Let’s bring classical conditioning back into the equation

So we now know that horses have an emotional response to both appetitives and aversives. We also know that, through classical conditioning, these responses can become associated with all kinds of innocent stimuli!

For example, in a training paradigm that is based predominantly on the use of negative reinforcement IN OTHER WORDS AVERSIVES, it isn’t just the tools (e.g. the lunge whip, the reins, the schooling whip, the spurs, the legs) that are aversive. By association, saddle and bridle or even the presence of the trainer themselves has the potential to become a conditioned stimuli, i.e. one that, by association, provokes the same response.

So the trainer may, in essence, make the horse feel uncomfortable just by their presence.

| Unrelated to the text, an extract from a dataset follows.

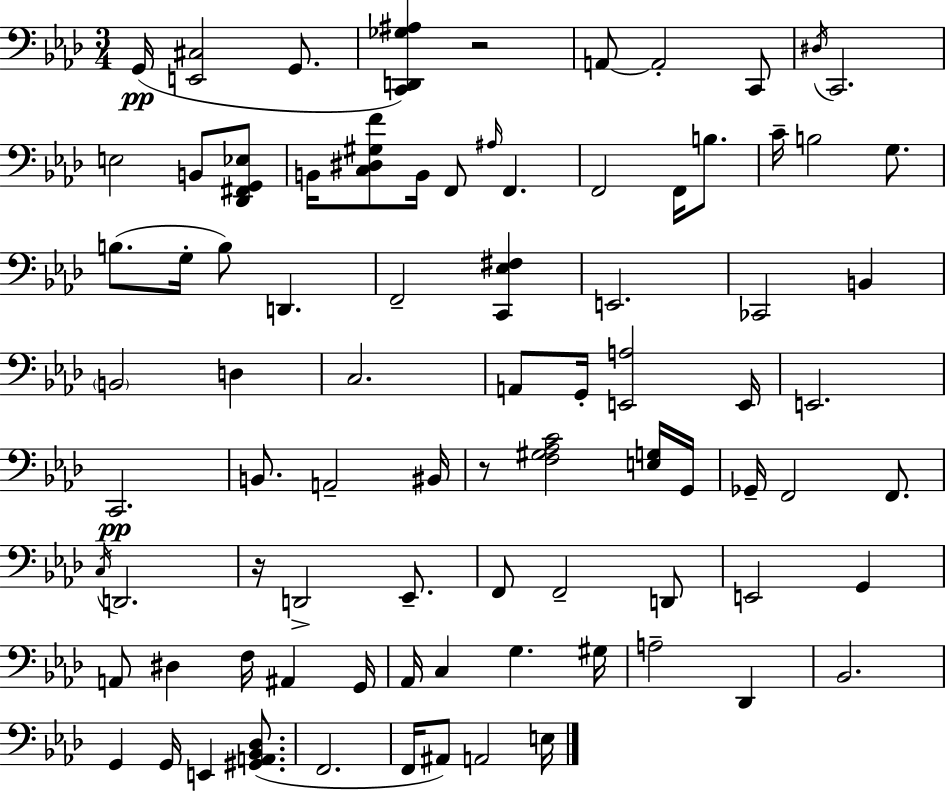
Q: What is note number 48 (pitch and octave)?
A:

Many trainers are lucky to avoid this, because they also are the source of appetitive experiences for their horses, such as feed, water, scratches, treats, turnout with friends.

Here’s the crux of the matter: your relationship with your horse is, in good part, determined by the balance of appetitives and aversives that you use with them on a daily basis. Like a set of scales, tip the balance too far one way, and the nature of the relationship can change from a happy one to an unhappy one. This is all because of classical conditioning.

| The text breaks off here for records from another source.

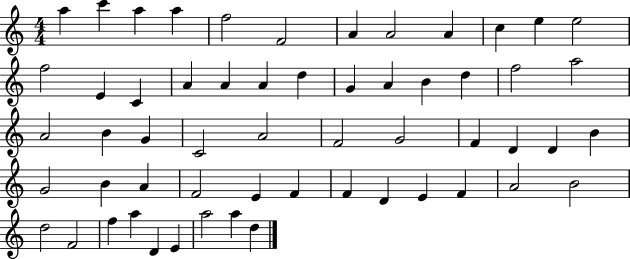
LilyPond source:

{
  \clef treble
  \numericTimeSignature
  \time 4/4
  \key c \major
  a''4 c'''4 a''4 a''4 | f''2 f'2 | a'4 a'2 a'4 | c''4 e''4 e''2 | \break f''2 e'4 c'4 | a'4 a'4 a'4 d''4 | g'4 a'4 b'4 d''4 | f''2 a''2 | \break a'2 b'4 g'4 | c'2 a'2 | f'2 g'2 | f'4 d'4 d'4 b'4 | \break g'2 b'4 a'4 | f'2 e'4 f'4 | f'4 d'4 e'4 f'4 | a'2 b'2 | \break d''2 f'2 | f''4 a''4 d'4 e'4 | a''2 a''4 d''4 | \bar "|."
}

It may seem like a rather simplistic way to view it, and I appreciate that there are other processes involved. But we cannot afford to dismiss this.

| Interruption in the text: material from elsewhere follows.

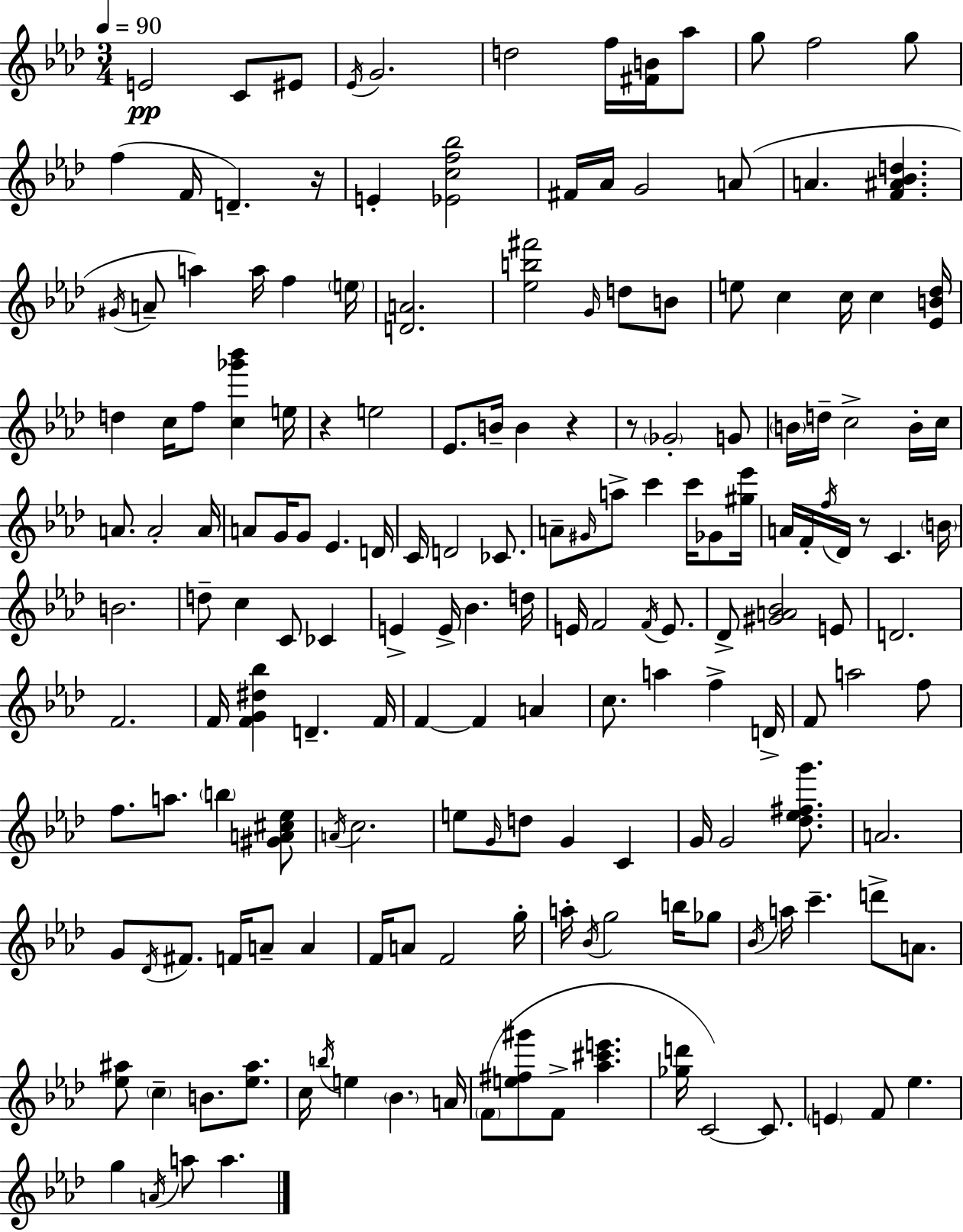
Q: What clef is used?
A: treble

Why does it matter if my horse associates me with aversives more than appetitives?

It matters because, by their nature, aversives create avoidance. If you are too heavily associated with them, then your horse will want to avoid you. Horses avoid mainly by flight, but, if flight isn’t an option, fight can appear. Eventually, you may run the risk of learned helplessness and a ‘shut down’ horse. This is not the groundings of a safe, secure relationship.

In training,  we talk about ‘reinforcement history’. Reinforcement hostory refers to the weighting of goodies and baddies, I.e. aversives or appetitives associated with a stimulus or situation. Well, another word for reinforcement history could be ‘relationship’.

Whether you own the horse or not, whether you intend to keep them for life or sell them tomorrow, you have a responsibility, especially those of you working with youngsters.

You are creating that horse’s relationship with the human race as a whole. You can make it or break it. I always say my job, initially, when working with youngsters, is to help them fall in love with me. But my goal, is to help them fall in love with the human race.

A trusting, happy, gentle horse generally receives kinder treatment than one that is avoidant or defensive.

New evidence also suggests that the levels of fear, grief and distress experienced in childhood can have permanent damaging effects on the brain….. now that’s a whole other blog post!!